Reprint each record exactly. Pictures are not reprinted.

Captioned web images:
++++++++++++++++++++

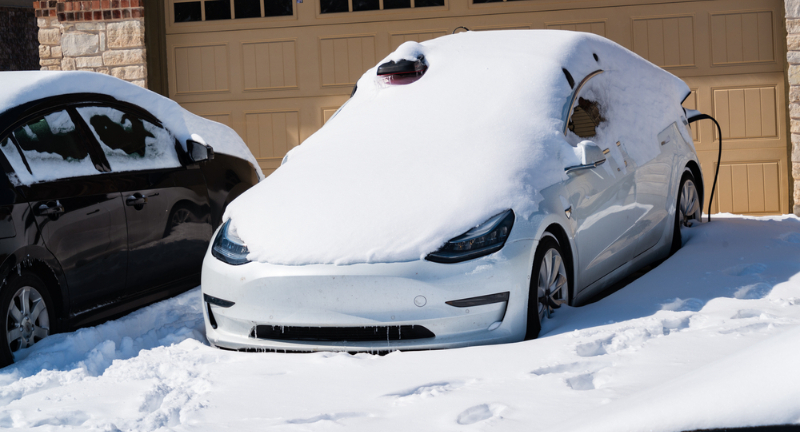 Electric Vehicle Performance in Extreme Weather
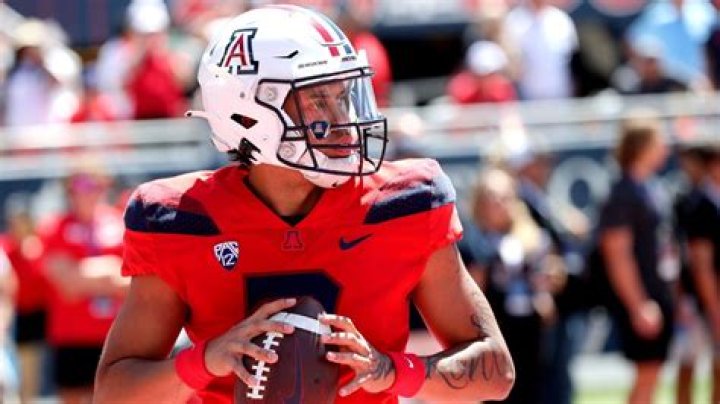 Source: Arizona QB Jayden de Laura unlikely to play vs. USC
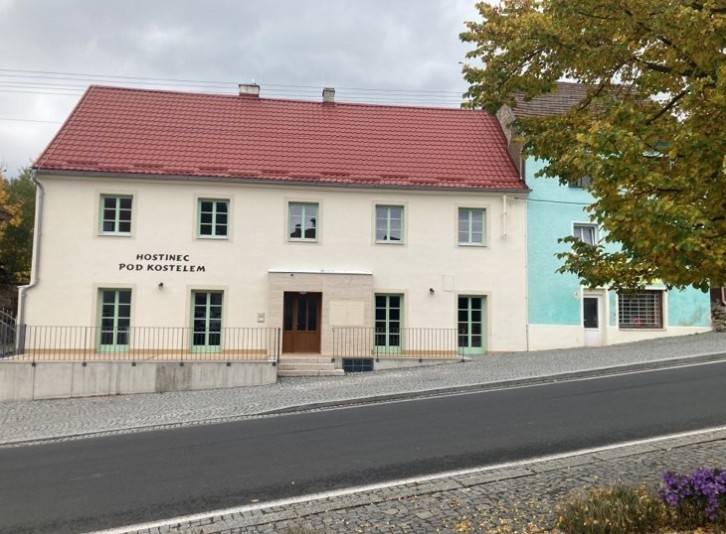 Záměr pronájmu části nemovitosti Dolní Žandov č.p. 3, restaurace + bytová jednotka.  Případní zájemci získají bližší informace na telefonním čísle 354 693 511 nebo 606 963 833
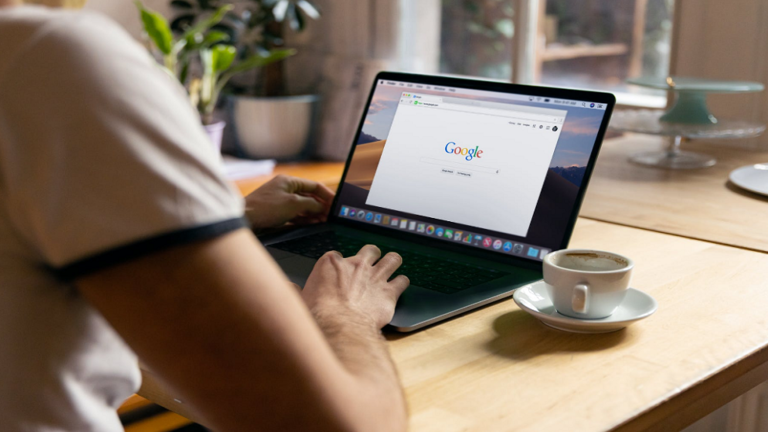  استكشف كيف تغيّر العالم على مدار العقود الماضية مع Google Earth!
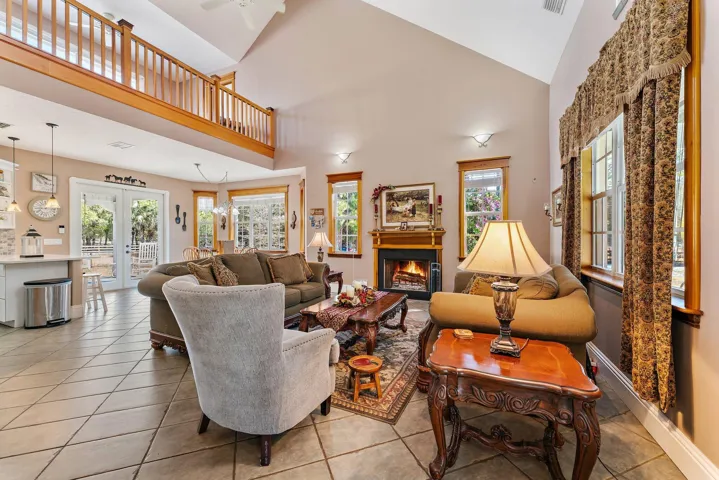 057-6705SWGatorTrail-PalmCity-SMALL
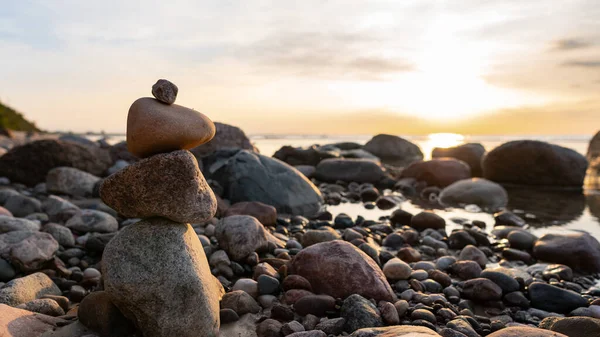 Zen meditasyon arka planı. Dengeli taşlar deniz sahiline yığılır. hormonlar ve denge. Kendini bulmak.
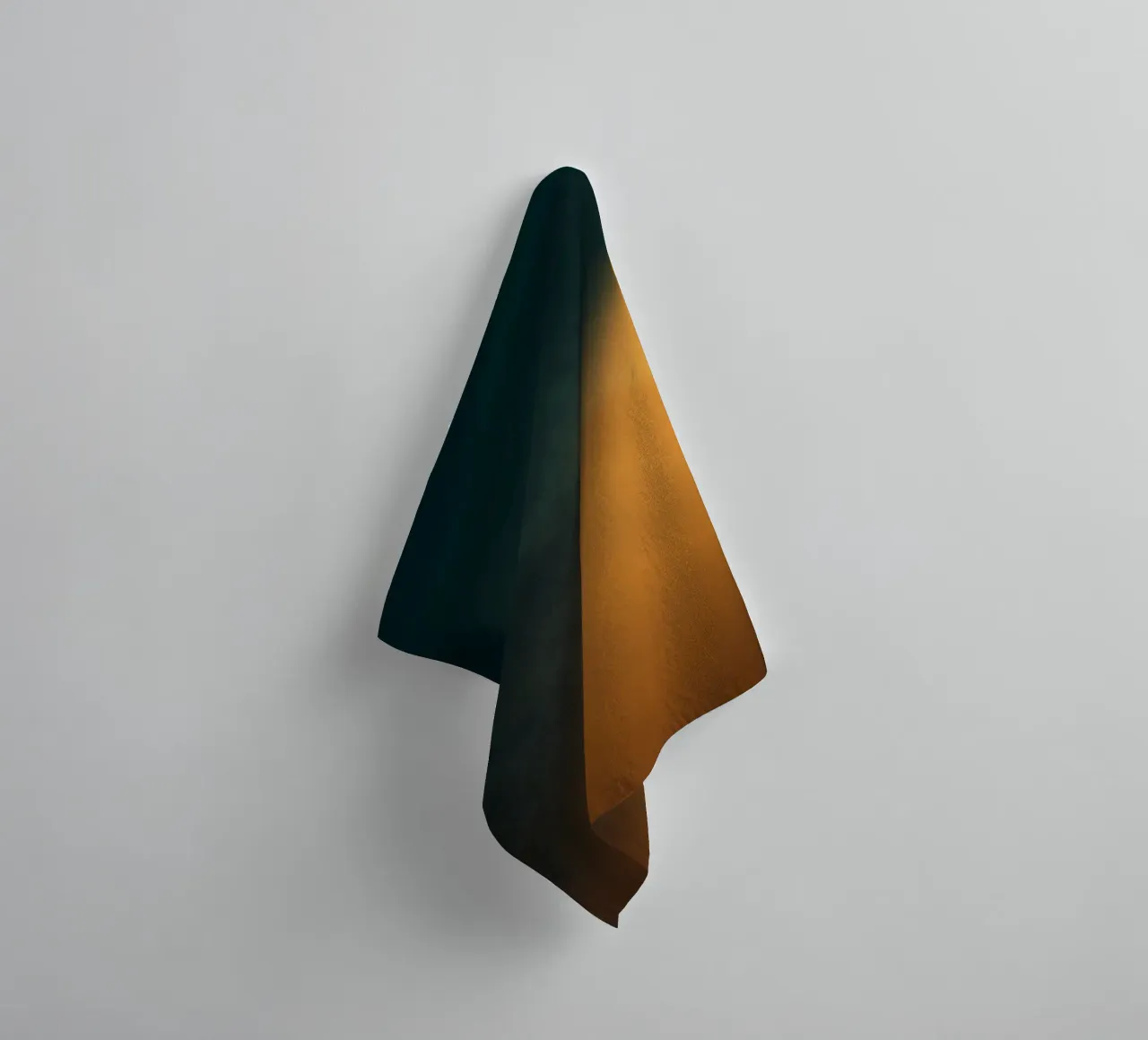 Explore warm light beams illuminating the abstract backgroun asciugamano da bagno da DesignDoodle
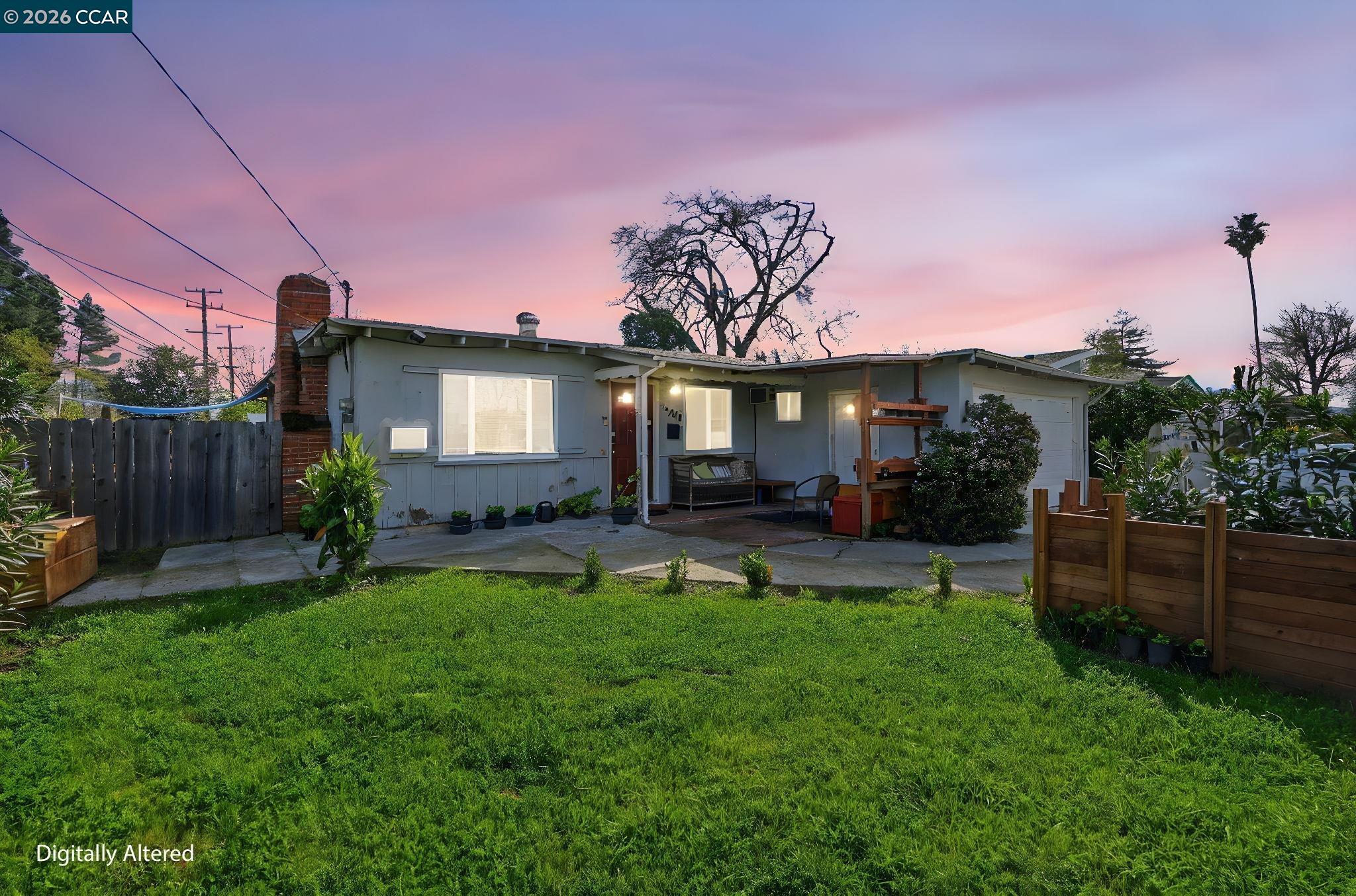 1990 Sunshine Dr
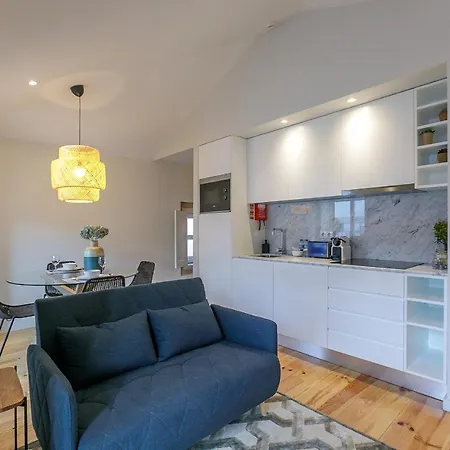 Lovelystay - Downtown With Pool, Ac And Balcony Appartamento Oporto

++++++++++++++++++++

#### [ANSWER BOX]
 Electric Vehicle Performance in Extreme Weather
 Source: Arizona QB Jayden de Laura unlikely to play vs. USC
 Záměr pronájmu části nemovitosti Dolní Žandov č.p. 3, restaurace + bytová jednotka.  Případní zájemci získají bližší informace na telefonním čísle 354 693 511 nebo 606 963 833
  استكشف كيف تغيّر العالم على مدار العقود الماضية مع Google Earth!
 057-6705SWGatorTrail-PalmCity-SMALL
 Zen meditasyon arka planı. Dengeli taşlar deniz sahiline yığılır. hormonlar ve denge. Kendini bulmak.
 Explore warm light beams illuminating the abstract backgroun asciugamano da bagno da DesignDoodle
 1990 Sunshine Dr
 Lovelystay - Downtown With Pool, Ac And Balcony Appartamento Oporto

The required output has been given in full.